Brief descriptive captions
□ □ □ □ □ □ □

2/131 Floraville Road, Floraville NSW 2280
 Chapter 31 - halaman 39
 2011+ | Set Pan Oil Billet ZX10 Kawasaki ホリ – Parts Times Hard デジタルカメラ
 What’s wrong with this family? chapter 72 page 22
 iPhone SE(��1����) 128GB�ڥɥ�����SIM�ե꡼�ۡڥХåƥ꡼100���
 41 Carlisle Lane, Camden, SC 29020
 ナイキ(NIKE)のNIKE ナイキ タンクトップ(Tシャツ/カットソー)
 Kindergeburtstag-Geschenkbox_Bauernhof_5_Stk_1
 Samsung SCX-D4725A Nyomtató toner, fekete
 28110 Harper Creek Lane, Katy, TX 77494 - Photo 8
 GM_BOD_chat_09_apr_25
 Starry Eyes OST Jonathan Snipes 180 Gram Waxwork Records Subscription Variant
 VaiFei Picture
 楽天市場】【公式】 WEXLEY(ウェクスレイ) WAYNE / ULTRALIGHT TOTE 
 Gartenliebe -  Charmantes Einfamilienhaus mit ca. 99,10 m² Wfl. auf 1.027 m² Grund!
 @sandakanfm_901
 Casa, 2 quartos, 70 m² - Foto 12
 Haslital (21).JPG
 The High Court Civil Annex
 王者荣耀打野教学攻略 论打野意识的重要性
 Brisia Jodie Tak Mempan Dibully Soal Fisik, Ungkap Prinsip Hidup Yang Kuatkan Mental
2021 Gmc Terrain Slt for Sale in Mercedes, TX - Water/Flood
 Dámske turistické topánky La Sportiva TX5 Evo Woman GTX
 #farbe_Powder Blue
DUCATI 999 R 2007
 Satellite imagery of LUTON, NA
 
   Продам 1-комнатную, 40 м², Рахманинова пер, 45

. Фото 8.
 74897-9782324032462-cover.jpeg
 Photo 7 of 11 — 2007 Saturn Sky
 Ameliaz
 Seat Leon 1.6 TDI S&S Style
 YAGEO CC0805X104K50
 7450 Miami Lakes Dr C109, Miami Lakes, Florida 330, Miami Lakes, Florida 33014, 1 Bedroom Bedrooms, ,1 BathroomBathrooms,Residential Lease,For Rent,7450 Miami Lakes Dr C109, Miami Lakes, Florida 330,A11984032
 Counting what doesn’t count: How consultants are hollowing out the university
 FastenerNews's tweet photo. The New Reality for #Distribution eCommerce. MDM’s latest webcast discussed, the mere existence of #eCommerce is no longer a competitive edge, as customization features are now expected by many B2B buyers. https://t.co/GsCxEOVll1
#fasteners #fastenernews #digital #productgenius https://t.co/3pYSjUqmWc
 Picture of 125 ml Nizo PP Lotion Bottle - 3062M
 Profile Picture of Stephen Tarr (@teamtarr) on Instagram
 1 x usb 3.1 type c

□ □ □ □ □ □ □

▶ Task requirements
Your response should be the lines above from the first to the one containing "王者荣耀打野教学攻略 论打野意识的重要性", inclusive, each given exactly.

▶ Expected output
2/131 Floraville Road, Floraville NSW 2280
 Chapter 31 - halaman 39
 2011+ | Set Pan Oil Billet ZX10 Kawasaki ホリ – Parts Times Hard デジタルカメラ
 What’s wrong with this family? chapter 72 page 22
 iPhone SE(��1����) 128GB�ڥɥ�����SIM�ե꡼�ۡڥХåƥ꡼100���
 41 Carlisle Lane, Camden, SC 29020
 ナイキ(NIKE)のNIKE ナイキ タンクトップ(Tシャツ/カットソー)
 Kindergeburtstag-Geschenkbox_Bauernhof_5_Stk_1
 Samsung SCX-D4725A Nyomtató toner, fekete
 28110 Harper Creek Lane, Katy, TX 77494 - Photo 8
 GM_BOD_chat_09_apr_25
 Starry Eyes OST Jonathan Snipes 180 Gram Waxwork Records Subscription Variant
 VaiFei Picture
 楽天市場】【公式】 WEXLEY(ウェクスレイ) WAYNE / ULTRALIGHT TOTE 
 Gartenliebe -  Charmantes Einfamilienhaus mit ca. 99,10 m² Wfl. auf 1.027 m² Grund!
 @sandakanfm_901
 Casa, 2 quartos, 70 m² - Foto 12
 Haslital (21).JPG
 The High Court Civil Annex
 王者荣耀打野教学攻略 论打野意识的重要性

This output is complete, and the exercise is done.